Image: Source Gaming. This view from the top of the church gives you an idea about how big Mad Monster Mansion is. However, each section is pretty self-contained and easy to traverse.
One of the appeals of most 3D platformers is the idea that every spot on the map will have some secret or mini-game—it’s that diorama idea again, or a seasonal haunted house—and that’s very true here. The mansion alone has a wine cellar, seemingly a dozen rooms behind fun, breakable windows, and a chimney that puts you into the front room. While this is true of pretty much every level, it feels most concentrated here. This is partially due to all those bonus rooms, which put a button on this trope, but also the nature of the geometry. The hedge maze doesn’t look like the church grounds, which don’t look like the well. And thanks to Banjo’s phenomenal sound design, the footsteps and other sound effects pop really well here. There’s also not really an obvious route to pick. The front door’s the most, but as you can only get the foyer’s Jiggy via the chimney, it’s a dead end. The maze, church, and pipes that get you to the second floor awning all call out with relatively equal attention, even if I seem to always go with the former.
It is also, befitting both the spooky theme and the late game placement, another reasonable uptick of difficulty.

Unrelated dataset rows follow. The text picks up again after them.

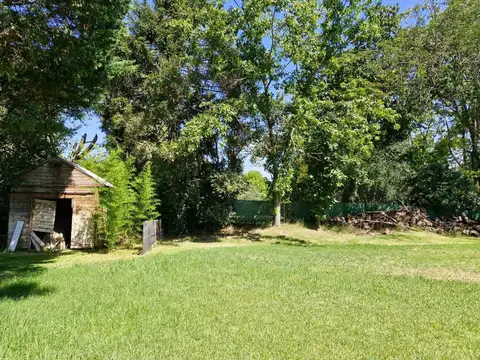 Terreno en Venta de 1000,0 m2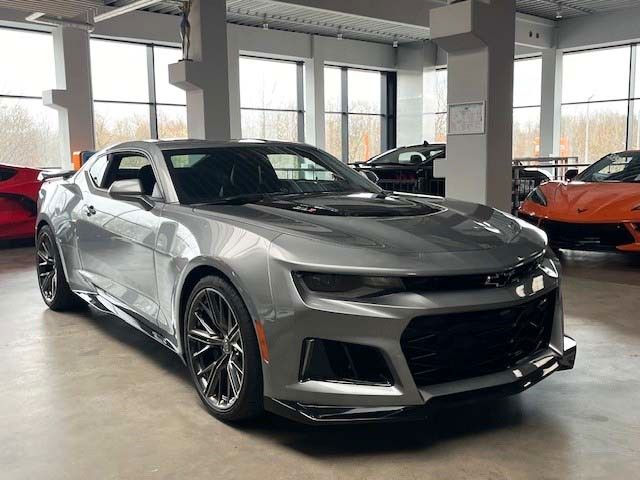 Chevrolet Camaro Coupe ZL1 Last Call Financial.4.99%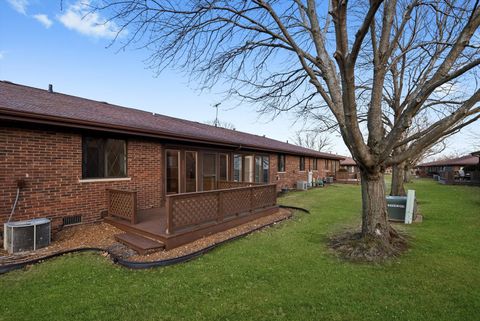 Tiny photo for 920 Winter Park Drive, New Lenox, IL 60451 (MLS # 12545422)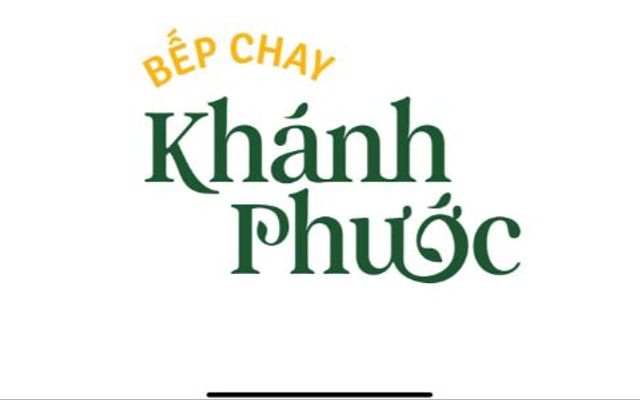 Cơm Chay Khánh Phước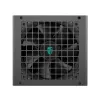 Fonte de alimentação Deepcool PF650X 650W 80 PLUS Bronze, preto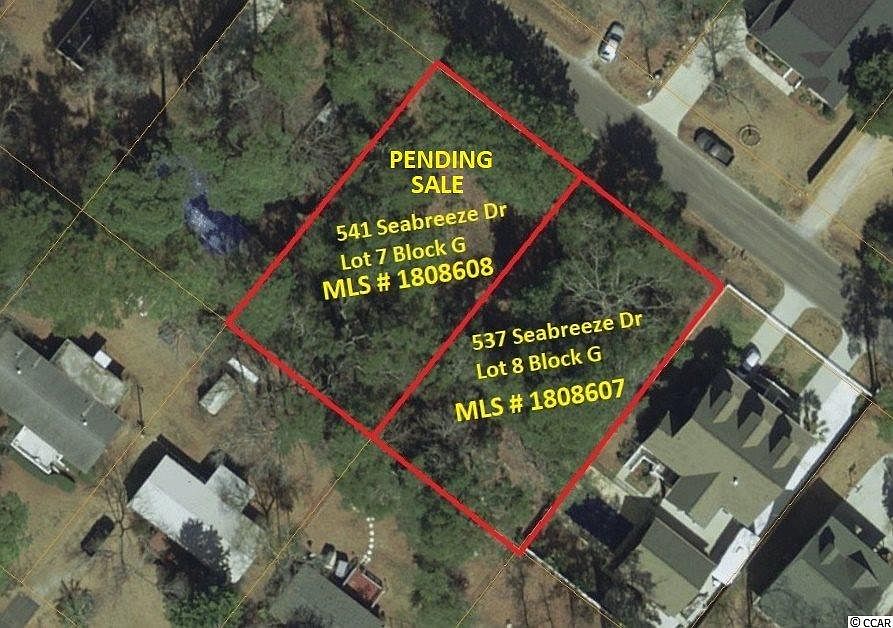 2nd image of 541 Seabreeze Dr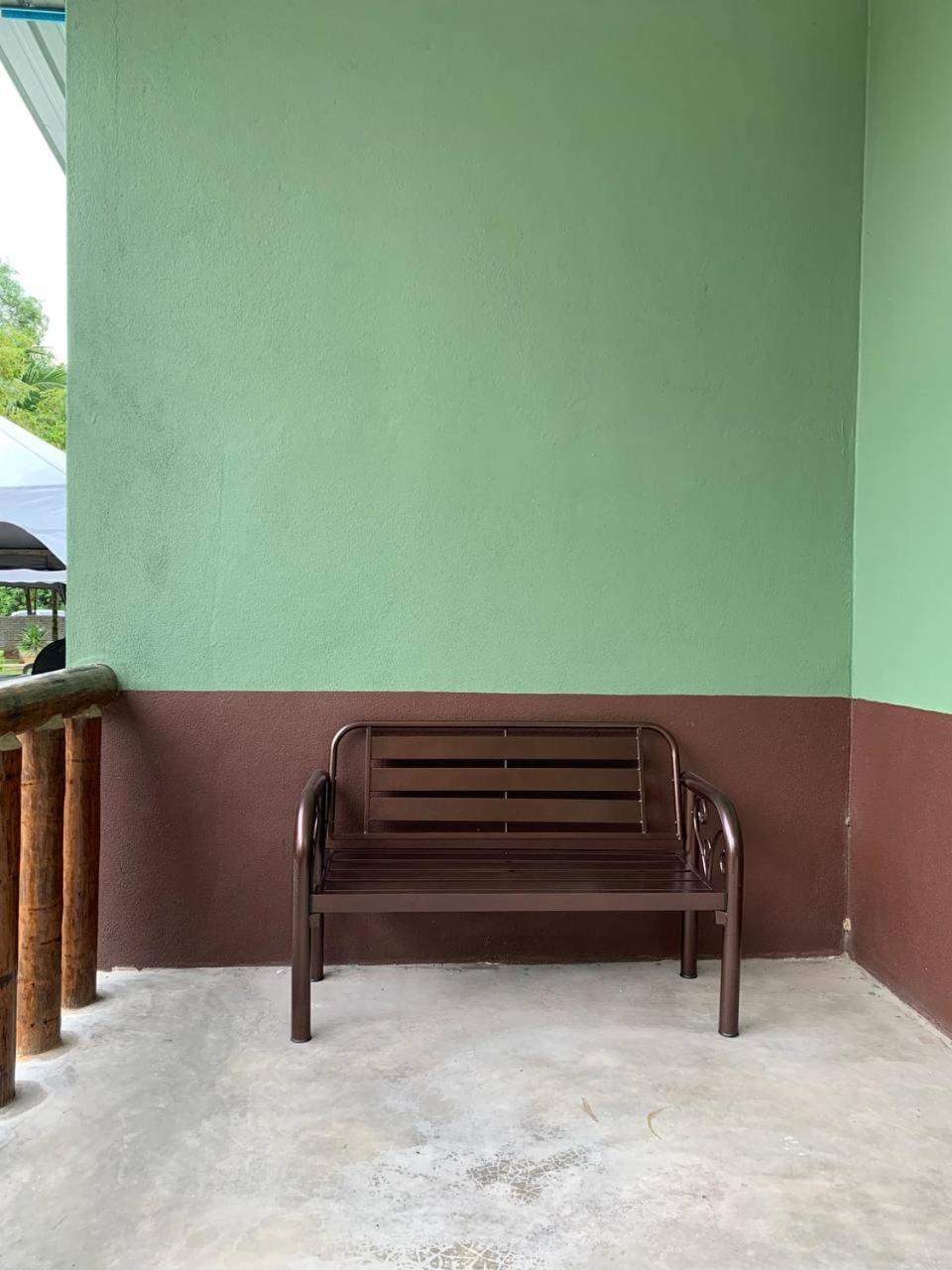 Bb Durio Chalet Kuala Terengganu Bagian luar foto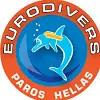 Eurodivers Scuba Logo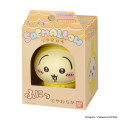 Japan Chiikawa Sofmallow Squishy Toy - Usagi : Pajamas - 6
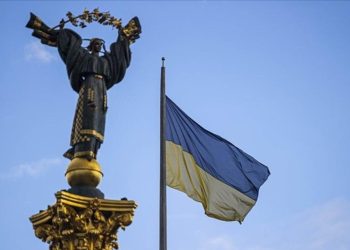 Ukrayna IMF ile anlaştı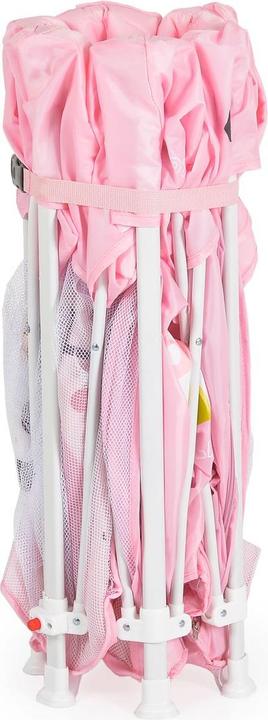 Produktbild Cangaroo Laufstall Playbox klappbar (118 cm, 139 cm)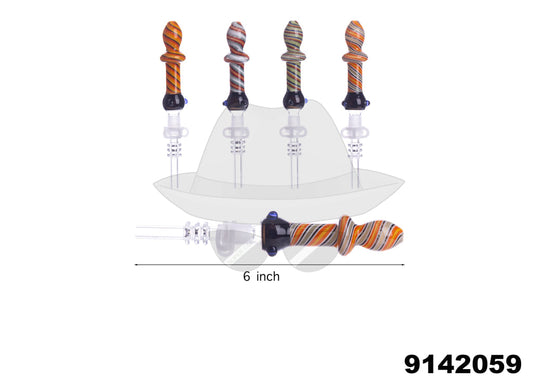 9142059 Glass Nectar Collector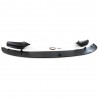 Rajout de pare choc noir mat Bmw Serie 5 F10 F11 M Performance 10-14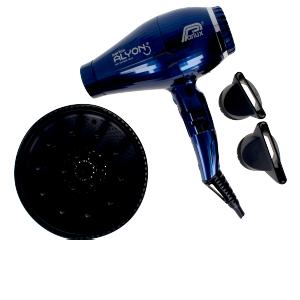 Parlux Alyon + Magicsense – uscător de păr, 4 buc. – Blue 4 buc.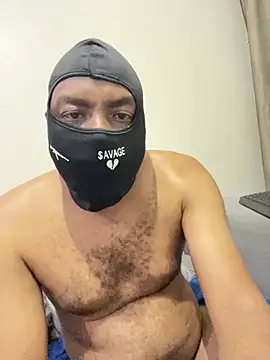 Chat XXX en directo de Gigolo-Jay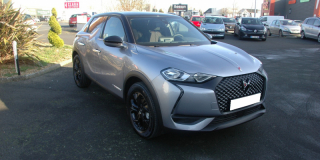 DS 3 CROSSBACK BlueHDI 100 S&S Performance Line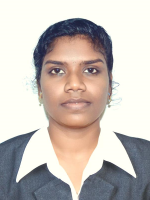 Dr. Archana Sethuraj Dr. Archana Sethuraj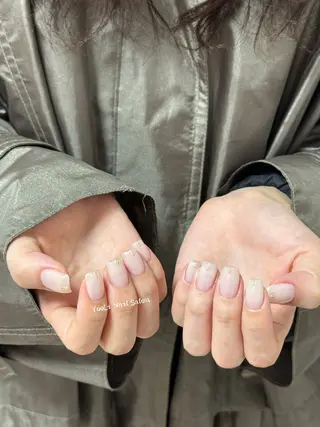 ネイル 🎀🎀YooLi Nail Salonのネイルデザイン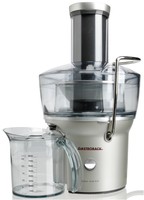 Entsafter Gastroback 40118 Easy Juicer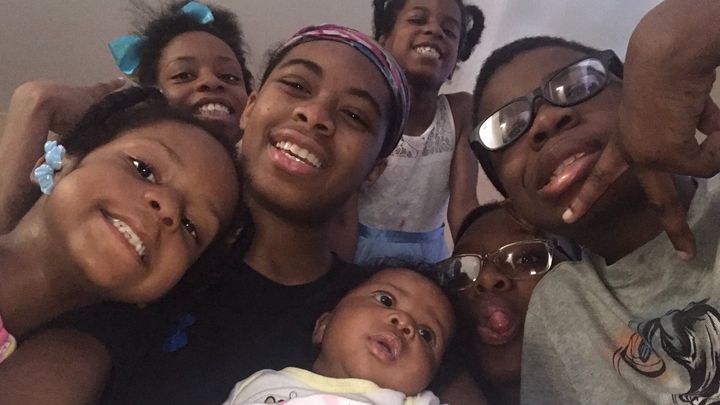 Main fundraiser photo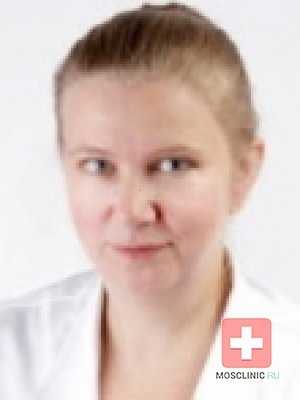 Фомина Анастасия Станиславовна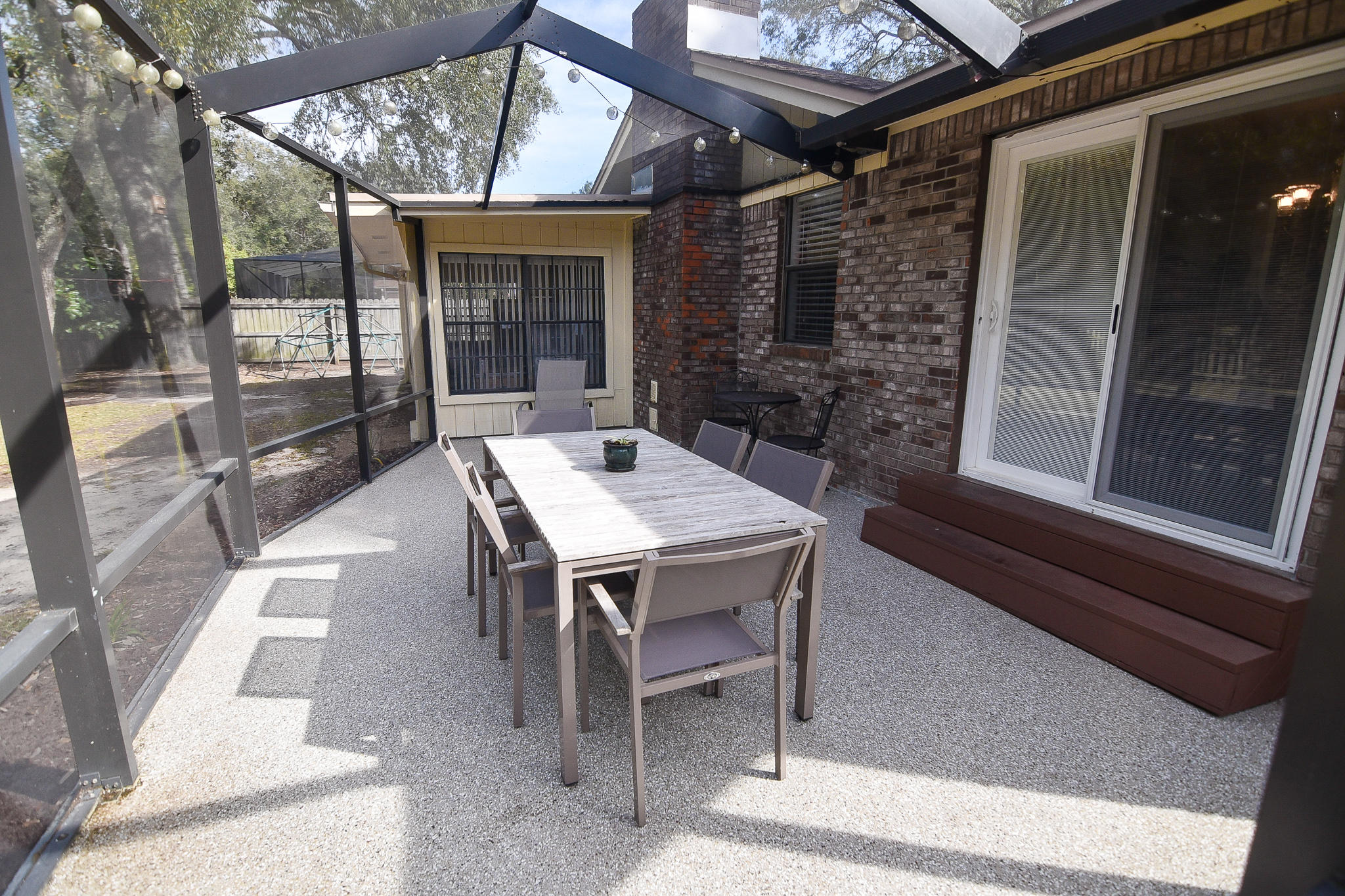 CARIBBEAN VILLAGE SOUTH 1 - Residential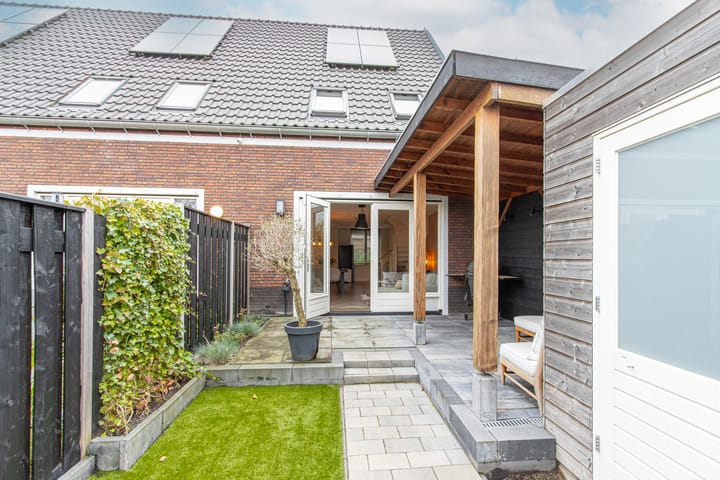 Foto 42 van Maasdijk 2-B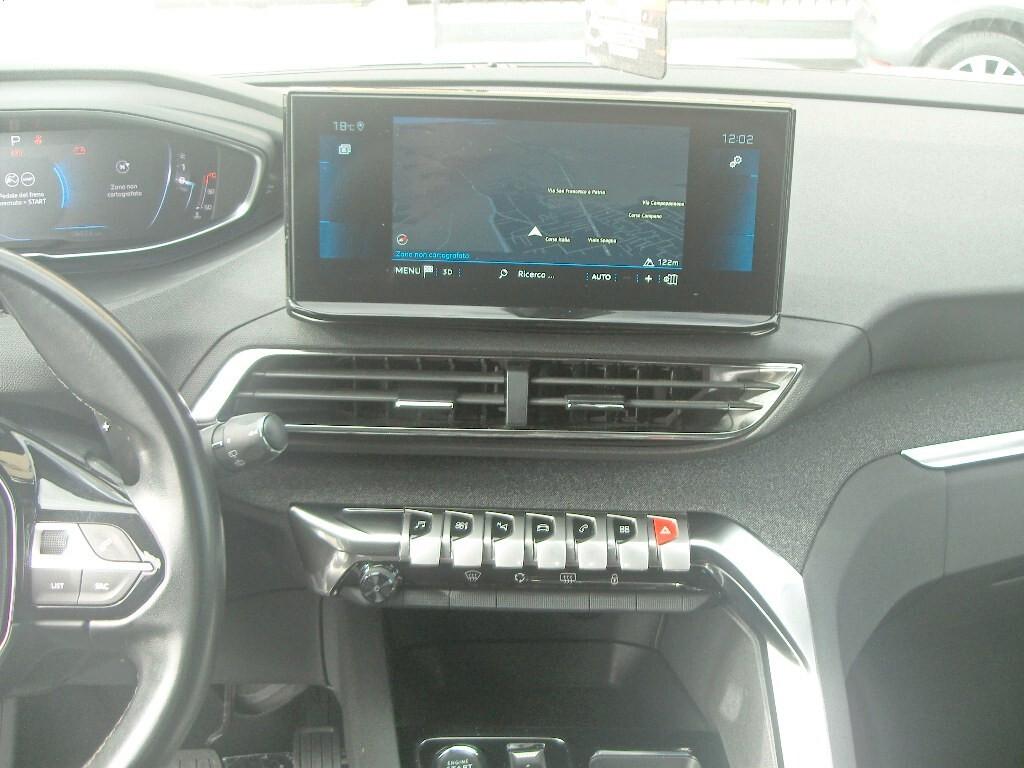 Peugeot 3008 BlueHDi 130 CV EAT8 Allure - 2023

These last three worlds really push the danger and complexity, and you can see that here. There are more enemies that only die to Wonderwing, enough so that you’re likely to run very low on Gold Feathers by the time you’re done (though oddly, neither of the worlds after this have these half-invincible enemies). Other monsters do double damage or have more health than any foe thus far. Despite being an outdoor space with less verticality than the previous two levels, the church interior goes so high up that slipping off the rafters is one of the most precarious falls in the entire game. There’s also the thorny side of the hedge maze, the two separate kinds of poisonous water… more of this world feels like it’s out to get you than any previous one. Nothing here is scary and nothing needs to be, but Mad Monster Mansion does get the value of even performative scares.

Image: Source Gaming. Pumpkin Banjo: the most important transformation of all. Somehow.
The biggest oddity is the Pumpkin, the fourth “animal” transformation. On its own, it sucks. It can’t attack and has only two bland abilities: it can touch hazardous terrain and is small enough to enter a leaky bucket, toilet, and storm drain. And yet not only is it tied to more Jiggies than most transformations, it’s the only one that is absolutely, 100% vital to beating the game. Near the entrance to Mad Monster Mansion is a gate. If Banjo and Kazooie break it, they discover a strange house but can’t enter it. The Pumpkin, however, can go through a hole in the door and activate a mysterious switch. This raises the water level in three rooms that had, thus far, existed solely to get you to the Mad Monster Mansion puzzle. But they’re actually part of the critical path through Gruntilda’s Lair. Raising the water gets access to the next world and another water level switch that lets you reach the final parts of the hub. This whole sequence is deeply strange, as it turns the least interesting form and a largely superfluous Easter egg—the ability to leave the world while transformed—into requirements.
RUSTY BUCKET BAY
Neither Bottles nor Mumbo show up in Rusty Bucket Bay; it’s the only world with that distinction. And that fits, right? The penultimate level—a giant barge and its polluted harbor—just exudes an atmosphere of proud, full-throated hostility. There’s only one NPC, a cute dolphin crushed by an anchor. One corner is full of glowing toxic sludge; another is patrolled by Snacker, that terrifying shark from Treasure Trove Cove. The oily water is so dangerous that you lose air when you’re swimming normally, and the air goes twice as fast underwater. There are multiple complex timed challenges. Half of the onboard vents are alive and violent. A challenging boss hides in the ship’s hold. Of course none of your friends would be here!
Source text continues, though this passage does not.